15 Years After Her Death, 9 Artists Remember Aaliyah
"Without Aaliyah there would be no me"
Photo by George De Sota / Getty Images
Fifteen years ago today, the music world lost one of its most magnetic stars when a plane carrying Aaliyah and eight others—the pilot and seven members of her inner circle—crashed shortly after taking off in the Bahamas. She was only 22 at the time.
While it's devastating that Aaliyah left us so soon, it's remarkable to think of all she contributed while here. Her sophomore album, One in a Million, is a benchmark for any genre, not just R&B, and her collaborations with Timbaland and Missy Elliott set the standard for combining pop music with avant-garde flourishes. Here, nine musicians reflect on what Aaliyah meant to them.
Aaliyah was the flyest. Her style, her voice, her presence was sexy, yet street, yet sweet. I hoped that when I got older, I could be half as effortlessly cool as her. I was signed to the label her uncle started for her, Blackground Records, so even though she had passed by the time I signed, I always felt connected to her in a way. Her pictures and plaques were all over the office, and I was there so much during my 12- and 13-year-old days. Knowing that she came out and dominated the charts the way she did at 14 gave us all the hope that I could do the same at 13, years later.
Ty Dolla $ign
Aaliyah is one of my favorite artists. One In A Million is one of my favorite albums ever. I can't wait until there is another artist who is remotely close to the type of artist Aaliyah was because I don't think we've seen it yet.
Without Aaliyah, there would be no me! She inspired my generation, from the way we dress to the way we carry ourselves. She was cool, fly and everything she did appeared effortless. She made it cool to go from sexy to tomboy chic. We looked up to her like she was our cool big sister. Her music is a whole different beast—always innovative and relatable. Forever one of my biggest inspirations.
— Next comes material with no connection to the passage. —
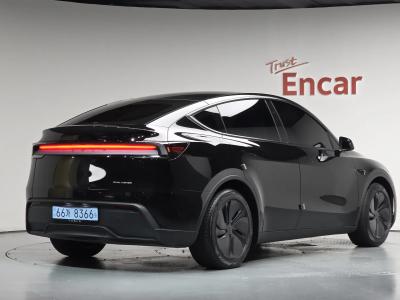 2025 Tesla Model Y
Aaliyah was an influence not just in her music but in her style. She wasn't afraid to play with androgynous fashion or be a tomboy. She was tough and cool, and I was definitely influenced by that.
Aaliyah inspired me a lot as an artist. She taught me a lot about how women think when I was younger trying to figure out these women. As an artist, she also showed that you can take it beyond the music. I was really inspired by her acting career, too.
Naomi from Prinze George
Aaliyah was the ultimate cool girl triple threat. She had a beautiful voice, she could dance, and she was a good actress. She made excellent music that we still listen to, but she also represents a time when mainstream radio music was more sophisticated. Her hits stand the test of time because so much quality songwriting went into crafting them.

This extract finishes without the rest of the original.